• What is needed:
Lines before the one containing "ジャパニーズ ハーモニー700ml 箱付き..." are left out; output the rest of the data exactly, through the final line.

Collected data

━━━━━━━━━━

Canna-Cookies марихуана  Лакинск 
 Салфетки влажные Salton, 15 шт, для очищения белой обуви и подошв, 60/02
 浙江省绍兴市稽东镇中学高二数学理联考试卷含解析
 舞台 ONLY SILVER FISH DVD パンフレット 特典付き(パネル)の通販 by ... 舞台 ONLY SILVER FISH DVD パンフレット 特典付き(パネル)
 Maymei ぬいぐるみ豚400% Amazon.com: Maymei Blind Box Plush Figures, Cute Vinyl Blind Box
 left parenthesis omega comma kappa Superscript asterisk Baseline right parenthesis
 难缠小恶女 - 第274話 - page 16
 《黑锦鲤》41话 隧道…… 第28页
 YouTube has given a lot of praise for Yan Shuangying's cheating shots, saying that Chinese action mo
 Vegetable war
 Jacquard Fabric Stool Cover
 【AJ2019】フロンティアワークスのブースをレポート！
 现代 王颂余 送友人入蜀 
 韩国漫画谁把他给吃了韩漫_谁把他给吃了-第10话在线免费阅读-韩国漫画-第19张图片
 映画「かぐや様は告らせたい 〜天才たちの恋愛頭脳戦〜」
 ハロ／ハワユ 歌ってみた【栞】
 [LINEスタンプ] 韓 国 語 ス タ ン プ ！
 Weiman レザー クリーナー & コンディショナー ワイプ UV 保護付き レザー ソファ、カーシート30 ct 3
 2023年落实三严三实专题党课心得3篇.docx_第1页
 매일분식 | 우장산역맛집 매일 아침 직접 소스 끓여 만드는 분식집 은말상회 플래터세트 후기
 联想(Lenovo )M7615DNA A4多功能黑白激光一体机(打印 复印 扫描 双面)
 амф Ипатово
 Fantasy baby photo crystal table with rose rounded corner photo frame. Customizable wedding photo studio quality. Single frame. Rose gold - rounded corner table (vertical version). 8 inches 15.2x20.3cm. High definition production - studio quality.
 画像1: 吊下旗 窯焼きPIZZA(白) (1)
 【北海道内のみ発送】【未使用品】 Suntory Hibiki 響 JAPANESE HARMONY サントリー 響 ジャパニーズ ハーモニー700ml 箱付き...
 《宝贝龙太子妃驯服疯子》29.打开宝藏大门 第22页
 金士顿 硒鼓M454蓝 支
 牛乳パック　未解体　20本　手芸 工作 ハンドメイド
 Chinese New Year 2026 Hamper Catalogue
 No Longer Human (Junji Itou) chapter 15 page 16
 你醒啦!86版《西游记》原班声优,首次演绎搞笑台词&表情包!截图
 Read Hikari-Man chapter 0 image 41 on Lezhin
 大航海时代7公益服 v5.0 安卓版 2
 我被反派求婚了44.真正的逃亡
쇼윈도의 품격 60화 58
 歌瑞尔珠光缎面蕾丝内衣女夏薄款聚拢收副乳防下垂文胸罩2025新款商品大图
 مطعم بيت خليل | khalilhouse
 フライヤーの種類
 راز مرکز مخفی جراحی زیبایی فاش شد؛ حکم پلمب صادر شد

━━━━━━━━━━

• Written answer:
 【北海道内のみ発送】【未使用品】 Suntory Hibiki 響 JAPANESE HARMONY サントリー 響 ジャパニーズ ハーモニー700ml 箱付き...
 《宝贝龙太子妃驯服疯子》29.打开宝藏大门 第22页
 金士顿 硒鼓M454蓝 支
 牛乳パック　未解体　20本　手芸 工作 ハンドメイド
 Chinese New Year 2026 Hamper Catalogue
 No Longer Human (Junji Itou) chapter 15 page 16
 你醒啦!86版《西游记》原班声优,首次演绎搞笑台词&表情包!截图
 Read Hikari-Man chapter 0 image 41 on Lezhin
 大航海时代7公益服 v5.0 安卓版 2
 我被反派求婚了44.真正的逃亡
쇼윈도의 품격 60화 58
 歌瑞尔珠光缎面蕾丝内衣女夏薄款聚拢收副乳防下垂文胸罩2025新款商品大图
 مطعم بيت خليل | khalilhouse
 フライヤーの種類
 راز مرکز مخفی جراحی زیبایی فاش شد؛ حکم پلمب صادر شد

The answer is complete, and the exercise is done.